Arizona, which rarely collides with “progressive” in the same sentence, passed legislation on Thursday that requires high school students to answer 60 of 100 questions correctly on the same test that new citizens must pass. The bill quickly made its way through both houses in rapid fashion and former ice cream man turned Arizona Governor Doug Ducey signed it into law almost immediately.
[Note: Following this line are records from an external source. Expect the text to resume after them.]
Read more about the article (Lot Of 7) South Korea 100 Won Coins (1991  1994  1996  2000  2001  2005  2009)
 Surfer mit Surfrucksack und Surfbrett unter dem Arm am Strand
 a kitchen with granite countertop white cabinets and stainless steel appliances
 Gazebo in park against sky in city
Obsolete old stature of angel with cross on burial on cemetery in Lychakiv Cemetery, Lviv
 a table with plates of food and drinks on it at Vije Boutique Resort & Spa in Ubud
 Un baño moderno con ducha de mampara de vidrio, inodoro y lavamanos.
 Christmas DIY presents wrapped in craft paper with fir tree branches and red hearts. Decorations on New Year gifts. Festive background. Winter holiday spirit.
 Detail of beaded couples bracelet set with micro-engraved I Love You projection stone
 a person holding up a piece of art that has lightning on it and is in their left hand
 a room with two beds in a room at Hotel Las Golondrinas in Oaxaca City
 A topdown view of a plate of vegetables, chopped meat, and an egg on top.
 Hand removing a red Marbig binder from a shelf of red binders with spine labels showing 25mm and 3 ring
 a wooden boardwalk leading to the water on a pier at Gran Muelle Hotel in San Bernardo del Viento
Arizona Passes Law Making Civics Test Mandatory In High Schools

“Not long from now, our children will be entrusted with protecting the principles on which this country was founded, and it is up to us to prepare them for that responsibility today,” said Gov. Doug Ducey, according to Reuters “[This measure will] help ensure all Arizona students understand basic American civics.”

The Joe Foss Institute

In doing so, Arizona became the first state to sign this legislation, which is being championed by the Arizona-based Joe Foss Institute nationwide. The institute whose motto is “Patriotism Matters” has a goal of seeing each of the 50 states pass similar legislation by 2017, the 230 anniversary of the ratification of the U.S. constitution.

The North Dakota House of Representatives passed similar legislation in a landslide vote on Thursday but did not make it to the state senate yesterday. According to the Joe Foss Institute, around 15 states will bring comparable legislation forward this year. Other states are believed to be looking at the measure but are considering criticism that the test relies far too much on simple memorization.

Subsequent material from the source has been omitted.